Un día M apareció con zapatillas nuevas: rojas y negras con resortes. Contó que se las había robado a un chico con el que se peleó, que le decía que andaba sin plata. Pero si no tenía ni un peso porqué usaba zapatillas nuevas. Eso pensó M y no le parecía justo. Entonces las tomó prestadas de manera permanente y se creyó su merecedor.
Un día Z trajo zapatos nuevos: negros y con unos delicados cordones encerados. Los cargaba en una bolsa de marca. Dijo que se los había comprado en el shopping para su primer día en el trabajo nuevo, que tanto había anhelado. Se los probó en el local, observó su reflejo en el espejo que estaba a la altura de sus pies y le gustó cómo le calzaban. Pagó con la tarjeta y se los llevó. Fueron su orgullo.
M relata que no se acuerda cuándo fue la primera vez que alguien le compró un calzado y que en la vida de la calle las zapatillas tienen su propia clasificación. Según esas características, uno ocupa distintos lugares.
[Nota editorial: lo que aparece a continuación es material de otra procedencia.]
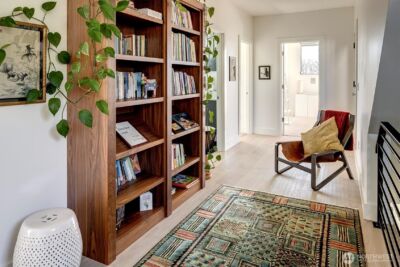 2660 9th Avenue W, Seattle, WA 98119-2218 - Photo 23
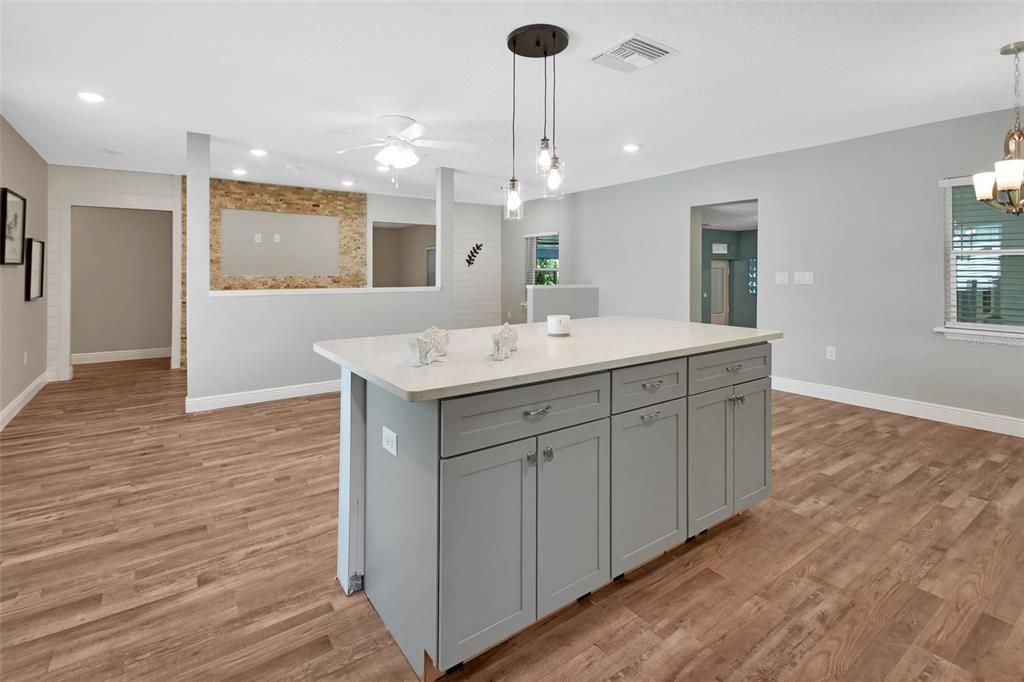 Active With Contract: $499,900 (5 beds, 3 baths, 2696 Square Feet)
Por ejemplo, para él, las de resortes se ganan el podio.
Z sabe que ir “bien vestido” a un trabajo le da “chapa”. Nunca se le ocurriría ir de zapatillas a la empresa.
Cuando jalaba pegamento, M se ponía a limpiar sus zapatillas. Las limpiaba, las limpiaba. Nunca le quedaban del todo limpias.
Por si alguien llegara a pisarlo, Z se compró un producto que impermeabiliza la superficie de sus zapatos.
El pegamento le hacía tener un flash recurrente: que sus zapatillas iban a comerlo. Entonces se las sacaba y se quedaba descalzo. El miedo no le permitía a M volver a ponérselas.
M está contando este relato en un bar. Dice que para saber realmente cómo es una persona lo primero que hace es mirarle sus zapatos. Mientras tanto, calculo que Z debe estar llegando del trabajo y quitándose el calzado, que es lo primero que hace cuando entra a su casa. Dice que estar descalzo es lo único que lo libera.